Una democracia representativa no puede basarse en la persona sino en las organizaciones. Es en el seno de ellas donde los electores, que son siempre muchísimos más que los elegidos, pueden intercambiar posiciones y discutir cursos de acción política. Tampoco constituyen el grueso de los adherentes, pero las organizaciones proponen un mecanismo abierto para que la sociedad participe, diga, exprese, tome posición y hasta se caliente. Por eso es tan importante que los legisladores adscriban al mandato que emerja de las organizaciones por las cuales son elegidos. Y si en algún momento consideran que no pueden acompañar ese mandato por principios o convicciones ineluctables, entonces entreguen la banca a la organización, que es el verdadero depositario de legitimidad. Sobre todo cuando el legislador es uno más de una lista que no encabeza, porque allí es todavía más claro que los votos que le permitieron acceder no eran para él, en tanto individuo, sino para el proyecto en el que participaba o el liderazgo al que reconocía.
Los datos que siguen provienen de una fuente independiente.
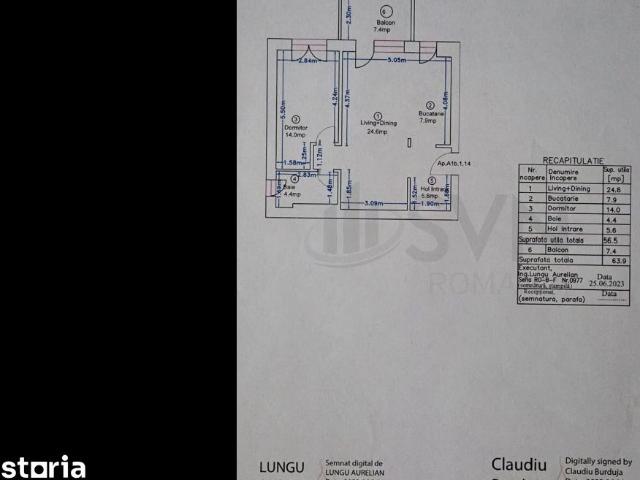 Apartament vânzări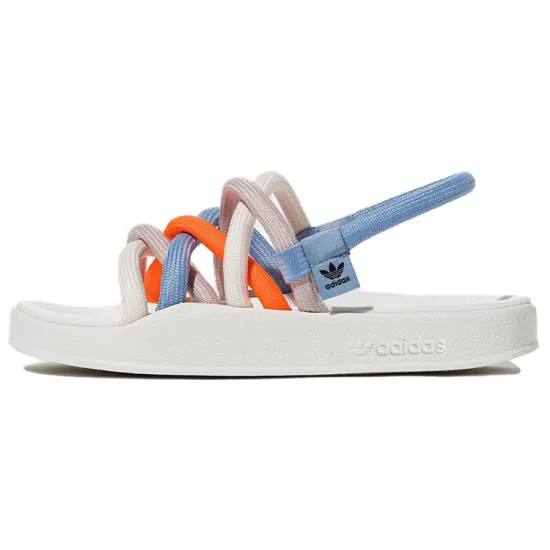 Adidas Originals Adilette Noda Sandals 'White' Women's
Debería analizarse plasmar en la ley alguna idea de este tipo. Darle un soporte legal y formal que permita que las organizaciones tengan mayor control sobre sus legisladores. Esto no significa que el representante deba ser un vocero que siga a pie juntillas los mandatos de un comité ejecutivo, pero al menos las organizaciones deberían poder reclamar la banca cuando los legisladores se apartan de las definiciones políticas sustantivas. Nada nos dice que sea el legislador y no la organización la que esté desoyendo a sus votantes, pero es mucho más improbable, porque la organización está atravesada por la militancia, y la militancia es voluntaria, abierta, libre y, la más de las veces, mucho más representativa que ningún representante.

Se podría objetar que una disposición así le quitaría dinamismo al sistema político, premiaría la anuencia en lugar del debate e impediría que surgieran nuevas figuras. Son riesgos que se pueden correr, como también se corren riesgos cuando se establece una cuota o alguna iniciativa que intenta mejorar la representatividad de los representantes. Pero es mucho peor observar cómo personas que son elegidas porque se supone que adhieren a un conjunto de ideas y definiciones, graciosamente se dan vuelta, cambian de bando, saltan tranqueras, en horrendas expresiones de oportunismo, siguiendo encuestas, posiciones personales, especulando con cargos, recursos o tapas de diario y minutos de televisión.

Son esas las pequeñeces que habitualmente definen para los que optan por ese camino ominoso. Ellos creen que esos pequeños motivos y miserias constituyen el elemento más decisivo de la democracia. Para ellos vale más un minuto de informativo que una actitud consecuente y anónima. Vale más que te entrevisten en El País, que te inviten a los shows, que te ofrezcan espacios en las radios, que mantener una posición más humilde, pero más cercana a la gente que te votó, haciendo política en el territorio, en los barrios, en los comités, y discutiendo tus diferencias en los ámbitos que todas las organizaciones destinan a eso. Por eso son capaces de subirse a cualquier tren y de convertirse en corchos para flotar en cualquier océano. Traicionan a sus votantes, a sus organizaciones y hasta las ideas que los conmovieron toda la vida, plegándose a la política-entretenimiento, vacía, sin causa, sin propósito, sin nobleza ni épica ni heroísmo. Pero, al final de cuentas, siempre fracasan, porque, más allá de los medios, los analistas, los escaparates de la realidad y las pantallas de la ilusión, como escribió Milan Kundera, “la vida está en otra parte”. Y esa otra parte subterránea, que no iluminan las luces del Estado, ni olvida ni perdona.